Here are some observations:
1) My first and worst problem was that the sales department had somehow not gotten my correct package of premium channels entered into their database. My advice: if you're having problems getting premium channels that are scrambled, verify that they have the correct lineup in their system before launching into troubleshooting of hardware. I got three of four cablecards working after this problem was identified (but it took 9 or 10 days to finally figure this out). The fourth cable card was strictly a hardware issue and the Motorola cards are very hit or miss. I finally requested that they give me four additional cards in hopes of finding one good one without repeated trips back to the store. They gave me all they had in the cabinet (three cards) and the second one worked.
2) Level 3 technicians were pretty polite. Although problem 1 made things get pretty testy. Initially they were trying to convince me that I had four bad cablecards or that my Tivo's were both bad. Luckily I was confident enough to stand my ground since I had been successfully using both Tivo's in another region for the past 8 months.
3) Because of a switchover from Time Warner to Comcast due to the acquisition, anyone who tried to do something complicated like troubleshoot a tivo/cablecard had to put up with the additional frustration of very long hold times.
4) Comcast in Houston requires that you pickup the cards at their local office and self install. This was fine with me, I just wish their office wasn't 15 minutes away and that they had Saturday/Sunday hours. Also, because of Item 3) above, lines were very bad in early to mid July. It's been better.
5) The process that is used here for activating cards makes troubleshooting very slow because you have to wait for 24 hours for their system to "hit" the card to activate the premiums you are supposed to be able to see.
6) When you pick up your cable cards, they give you their level 3 technical support phone number.

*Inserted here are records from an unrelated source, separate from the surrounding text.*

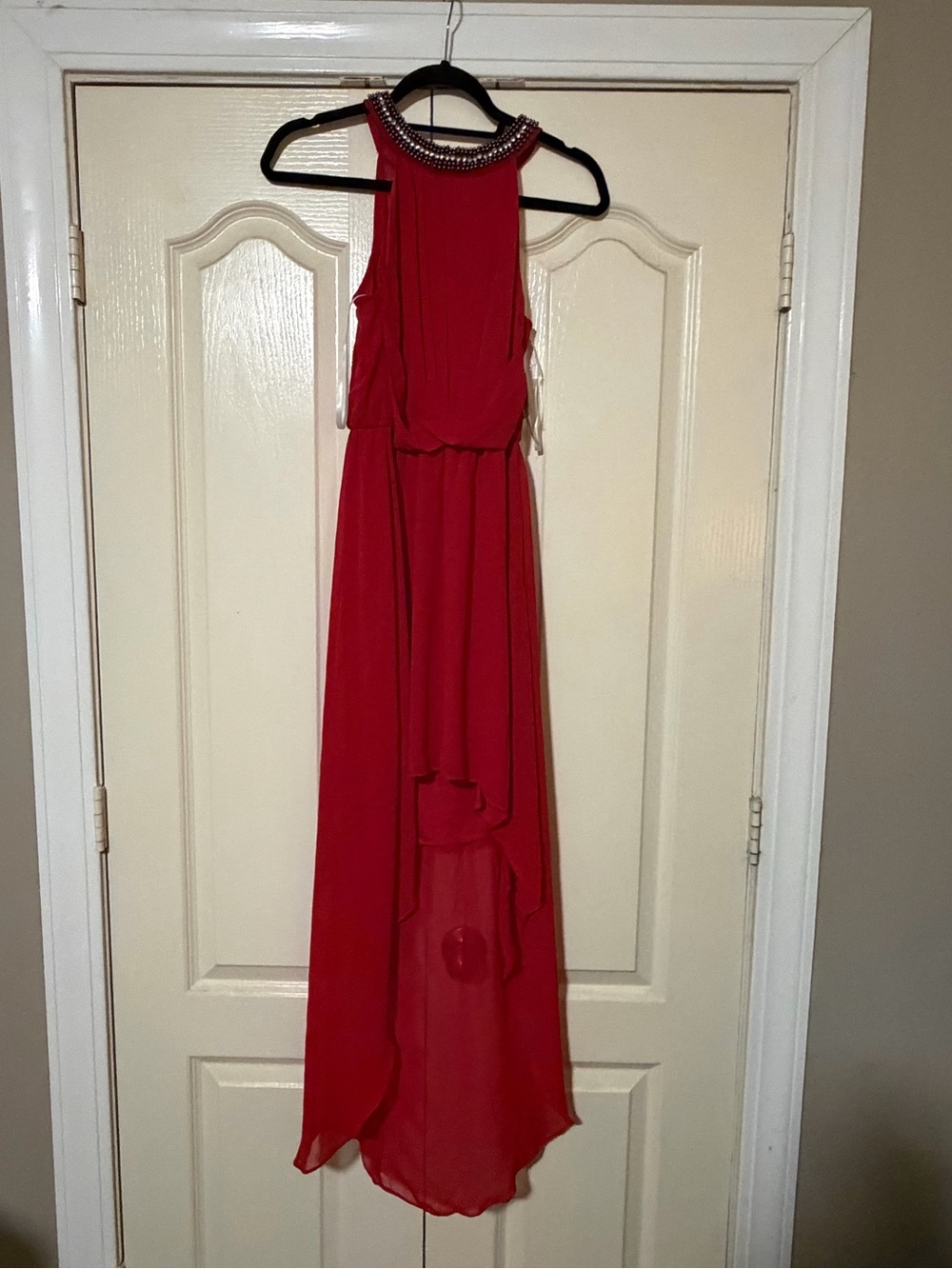 Elegant Red Beaded-Neck High-Low Maxi Dress - Women's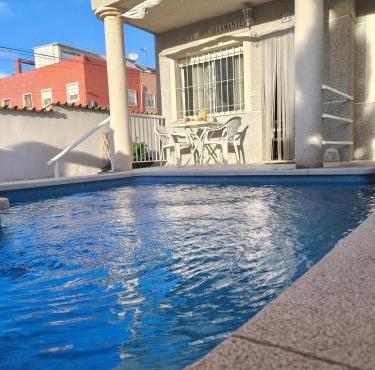 Bungalow with Private Pool 15 Minutes from the Sea- La Siesta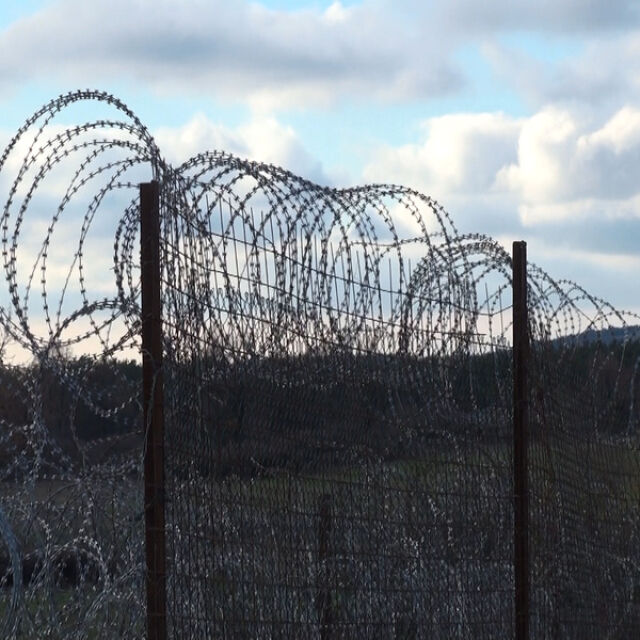 Изчезна част от оградата по границата с Турция преди да бъде поставена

These people deal only with cable cards and, while you will still encounter hold times, once you get a technician they are pretty savvy (although issues like described in 1) can take far to long to resolve). Write this number down, don't lose it. I have it on speed dial. They will answer calls on weekends and before 8 am in the morning (hold times seem to be less at these times) but I think they are restricted to following through on troubleshooting during these times rather than initiating new installs.
I came very, very close to giving up and switching from Comcast to OTA or telephone wire based digital TV. When I first installed cablecards it was with a copmany that required technicians to handle it. It was very annoying to have to wait at home for technicians to come in and pay for a truck roll for something so simple as sliding a card into a slot and reading numbers off the screen. This time with the self-install was also frustrating, especially because of Comcast's process of waiting a day to hit the cards with authorization codes.

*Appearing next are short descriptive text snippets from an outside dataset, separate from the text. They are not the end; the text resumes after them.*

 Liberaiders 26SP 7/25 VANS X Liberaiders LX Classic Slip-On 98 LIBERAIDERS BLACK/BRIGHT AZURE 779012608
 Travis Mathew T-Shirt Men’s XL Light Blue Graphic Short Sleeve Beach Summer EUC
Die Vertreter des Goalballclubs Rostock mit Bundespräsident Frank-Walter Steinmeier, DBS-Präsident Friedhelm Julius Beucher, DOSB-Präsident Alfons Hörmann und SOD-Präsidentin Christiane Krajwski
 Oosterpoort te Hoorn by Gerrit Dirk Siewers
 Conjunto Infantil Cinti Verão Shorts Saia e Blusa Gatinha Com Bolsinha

In summary, the cablecard issue is going to be a real problem for Tivo. I'm a reasonably tech savvy person who is comfortable enough with opening computers up and moving jumpers on cards etc. So this should have been very simple. The problems I see are:
1) About 1 out of 3 or 4 cards are bad. Technicians mumbled that the Tivo seems to be pickier about cards than the televisions, but I suspect the real story is that Tivo owners are more insistent upon getting the functionality right whereas TV owners give up much more readily on cablecards.
2) It is ridiculous to have to verbally communicate four strings of numbers per cable card. Add it up, it comes to 53 numbers that have to be recited and recorded in precise order for each cable card. (Not including the serial number adds another 12 numbers.) This is way overkill and will frustrate and intimidate customers. Not to mention the small potential of error introduced. Not as big an issue as the hardware reliability of cablecards themselves.